You may understand my own mindset a little more by reading the response I sent to David Plouffe. During the presidential elections, I was one of millions pulling for Obama so I got on their “mailing” (pronounced “give money”) list. The latest news release told me how Obama was going to help homeowners save themselves. I wrote this back:
“It matters little to you what any Canadian has to say. You will always be at an ideological disadvantage. Bound as so much of American politics seems to be, to the primacy of the market system, no deviation can be tolerated. However "liberal" you will presume to be, you cannot make change without changing. "Stimulus," within the American frame of reference always means something like tax breaks.

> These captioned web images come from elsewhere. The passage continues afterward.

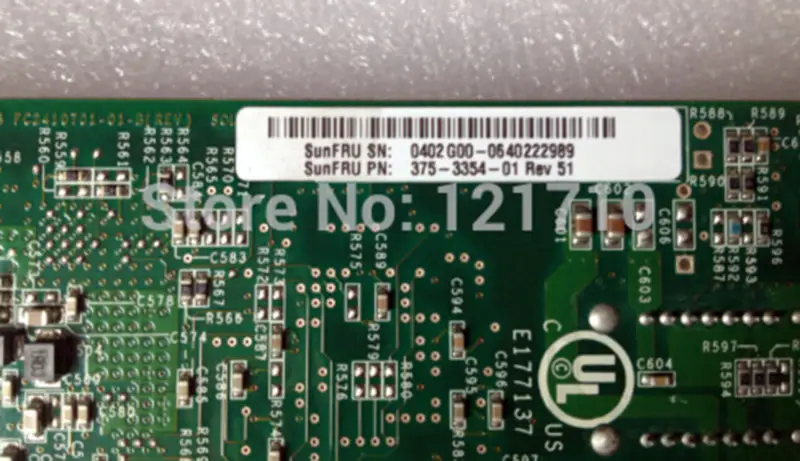 Sun QLA2460 FC2410401-31 PCI-X 2.0 interface 4Gb FC HBA card 375-3354-01 REV 51 industrial motherboard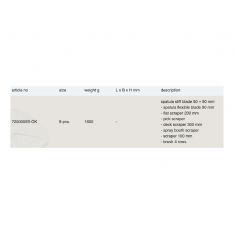 ENDRES 7250009S-OK - 9pc Non-Sparking Spray Booth Cleaning Tool Kit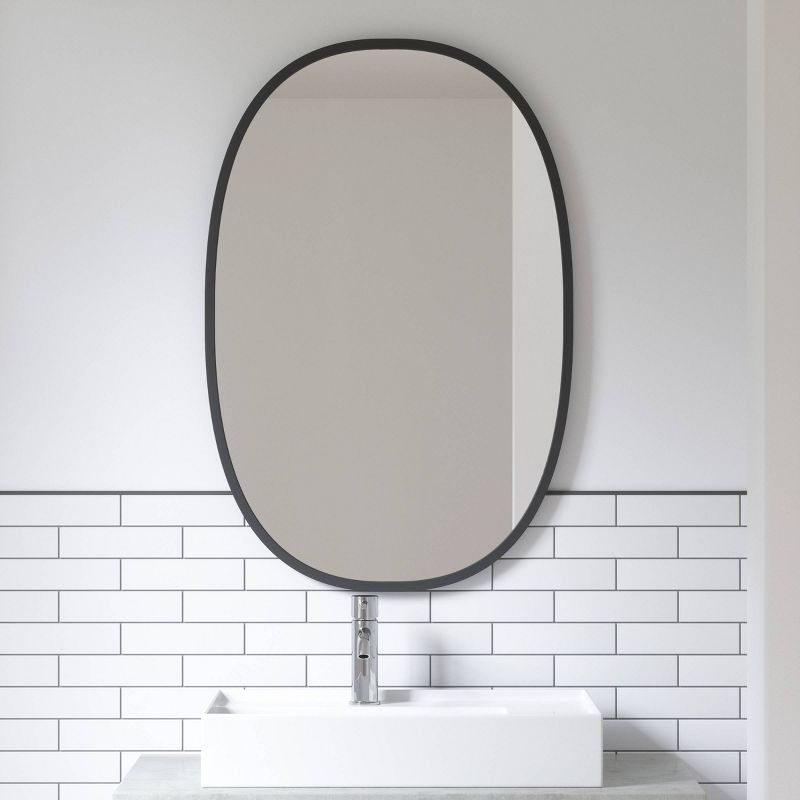 Hub Decorative Oval Mirror Black - Umbra, 5 of 9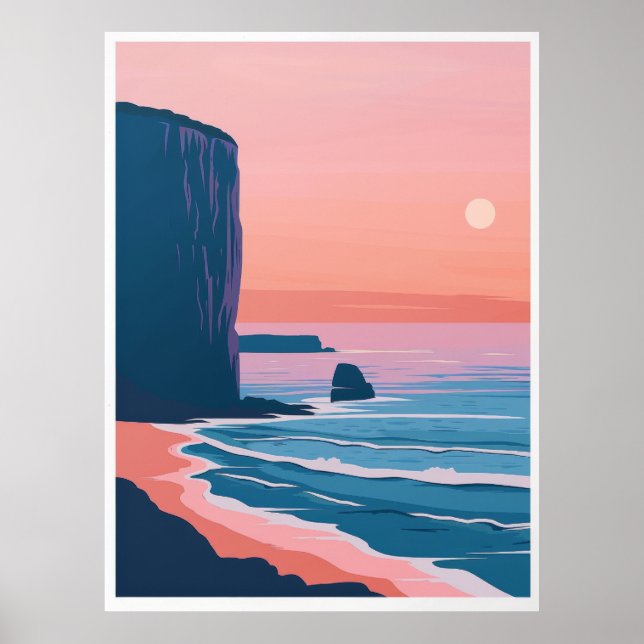 Poster de viagens Vintage Retro Flat-Style - Explo (Frente)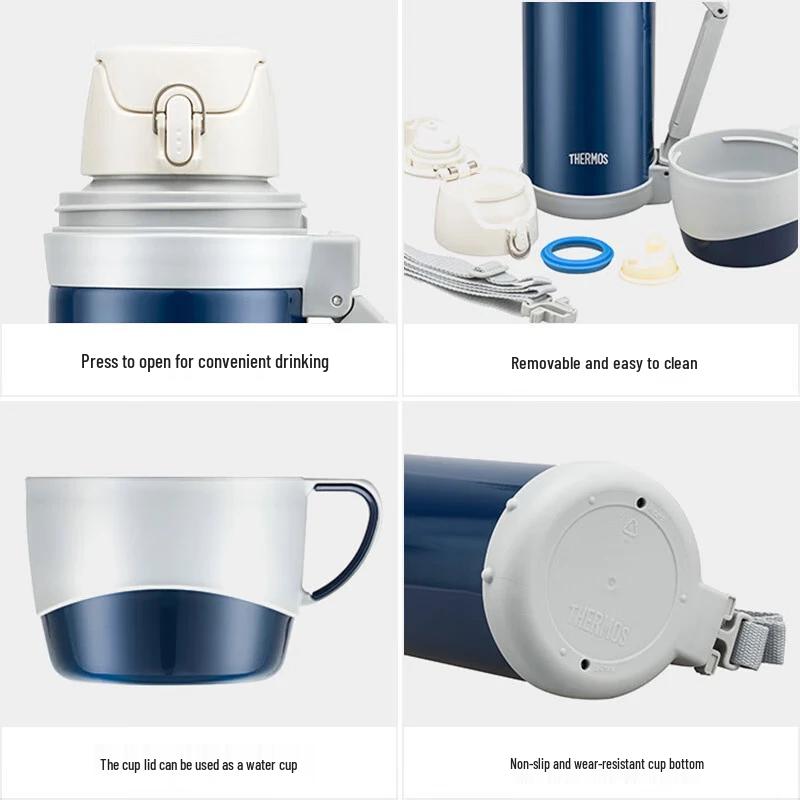 Thermos 1L Stainless Steel Vacuum Flask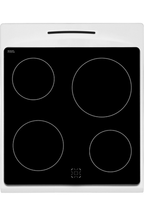 Cuisinière vitrocéramique THOMSON TCC51.4WH BLANC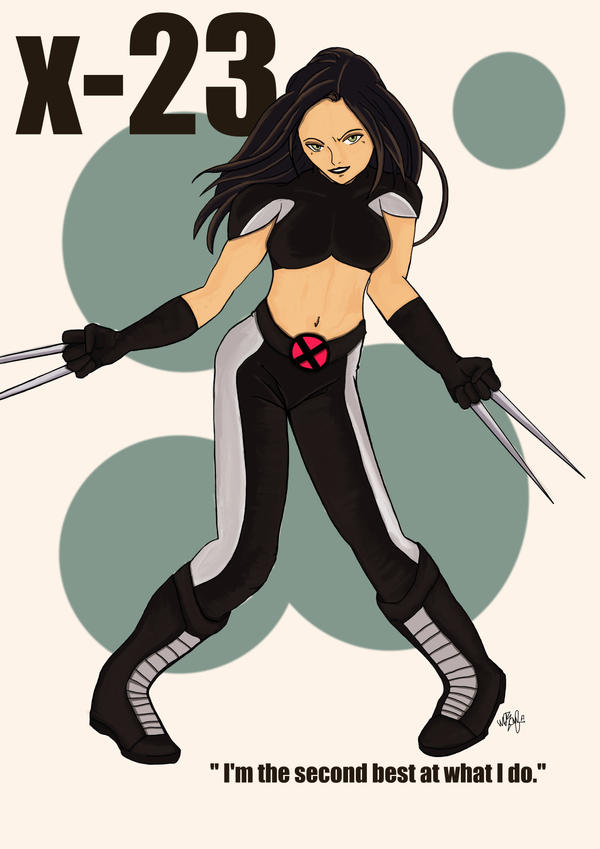 Draw X23 Fanart X23 color by BenWerz on DeviantArt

You do not understand the utter futility of the idea that only the private sector creates jobs. The private sector creates jobs when it is in their profitable best interest to do so. For that I can't blame them. So, to offer tax credits is meaningless. Employers will hire only if they need to, otherwise hiring more is old-fashioned "featherbedding." The government must be the employer of last resort. There are projects that private capital won't go into because they lack the profit profile. Those projects are uniquely the government's. You can offer all the tax credits you want, but as long as oil and coal remain cheaper, no one will build alternate energy sources. It is only one example of ventures where the costs are high and the profits are small. Only government can do it. The notion of "public enterprise" so horrifies you that you shrink away from anything that looks like "socialism." You are following the Bush policy of privatizing tens of thousands of jobs that should have been done by the military by giving them to private contractors.
I am beyond disappointed that the system cannot truly make any fundamental changes in the American mindset. You have flunked out on health care for all the reasons shown above.”

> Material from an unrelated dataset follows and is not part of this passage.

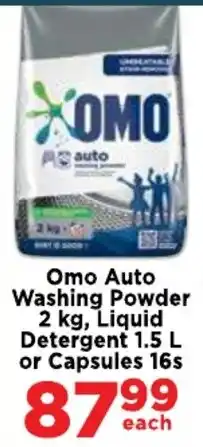 Food Lover's Market Omo Auto Washing Powder, Liquid Detergent or Capsules offer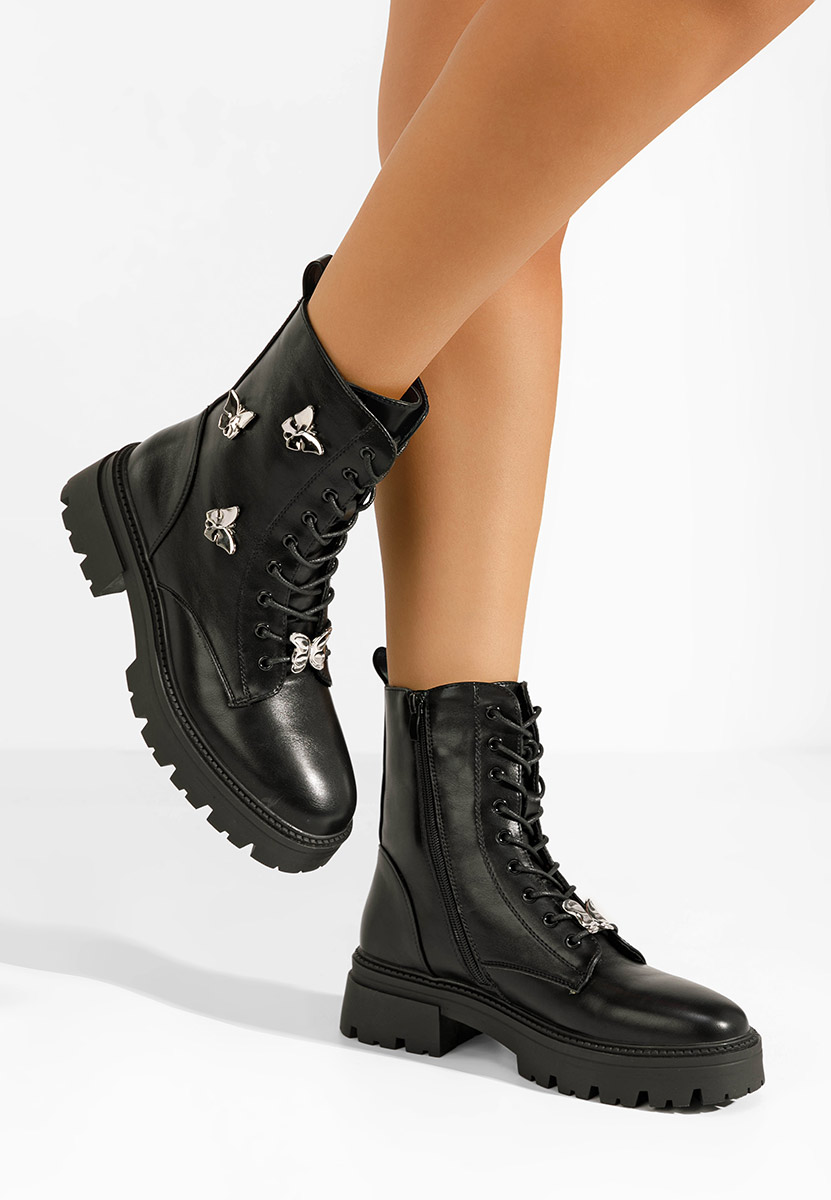 Bottines rangers femme noirs Latisa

Perhaps I should have added that in Canada, despite protests to the contrary, we live in a liberal democracy. Government does not shy away from participation in enterprise. Our aerospace industry owes its success to government participation e.g. Bombardier, Pratt-Whitney. Our Finance Minister, as right-leaning as you can get, intrudes on the private sector by slowing down real estate speculation. Money is given directly to public enterprise like municipal transit systems. I could go on and on.

What makes Canada is great is that no government can spoil it, although Mike Harris tried his hardest in Ontario. We genuinely understand what government can do, should do, and must do. Americans simply don’t get it.